Yahoo’s troubles for failing to timely disclose security breaches provides rare insight into quantifying the financial and other costs to a company’s shareholders and leadership when a security breach occurs and is mishandled.

In 2014, more than a billion Yahoo accounts were hacked. Then in 2015 and 2016, more than 500,000 Yahoo user accounts were hacked by the same attacker. In all cases, hackers accessed user emails and sensitive information. However, it is alleged that Yahoo failed to thoroughly investigate the breaches. Yahoo also failed to disclose the breaches until late 2016, when it was in talks to sell the company’s core assets to Verizon.

Yahoo’s executive team denied having knowledge of the breaches prior to the disclosure. However, on March 1, 2017, Yahoo disclosed its independent investigation results and stated that Yahoo’s IT staff had “contemporaneous knowledge” of the 2014, 2015, and 2016 incidents. While finding there was no intent to suppress the breaches, the investigation concluded Yahoo’s IT team and legal staff did not properly comprehend or investigate them.

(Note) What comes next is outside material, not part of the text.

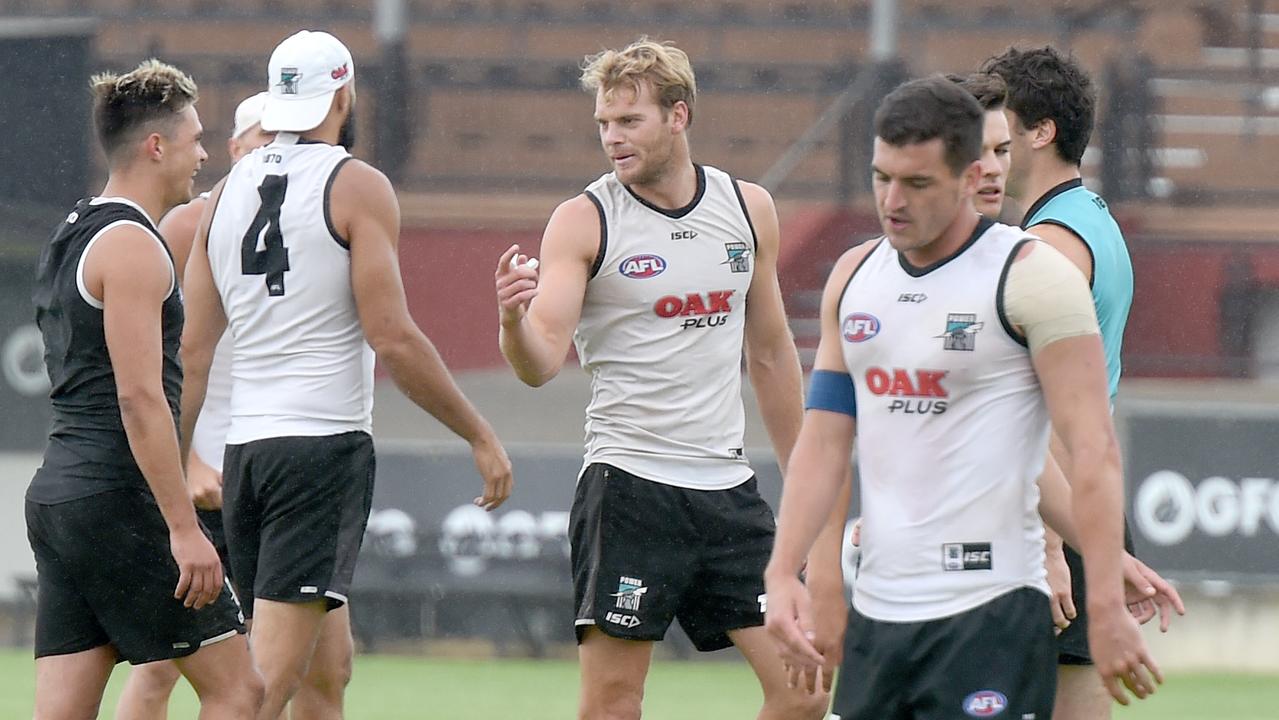 Tom Rockliff takes a breather ahead of Jack Watts at Port Adelaide training at Alberton on Wednesday. Picture: Naomi Jellicoe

The SEC was examining whether the breaches were hidden from Yahoo customers and shareholders, but it is not clear whether anything will come of this investigation. Yahoo shareholders demanded that the company claw back a portion of CEO’s Marissa Mayer’s compensation, claiming she had to have known but covered up the breaches to avoid derailing a sale of the struggling company.

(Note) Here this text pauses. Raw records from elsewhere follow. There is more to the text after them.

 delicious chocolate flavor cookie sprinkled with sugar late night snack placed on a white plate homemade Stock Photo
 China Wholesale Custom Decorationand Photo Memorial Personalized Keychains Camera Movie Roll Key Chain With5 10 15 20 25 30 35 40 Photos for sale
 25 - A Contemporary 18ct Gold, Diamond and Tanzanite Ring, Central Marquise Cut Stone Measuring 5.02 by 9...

Ultimately, in late February 2017, Verizon agreed to move ahead with its purchase, but renegotiated the purchase price down by $350 million to a new price of $4.48 billion. This week, it was also disclosed that senior executives managing Yahoo at the time of the breaches would face consequences. Yahoo’s legal counsel was forced out. CEO Mayer said she voluntarily gave up her 2016 annual cash bonus and 2017 stock award, which together are worth about $14 million.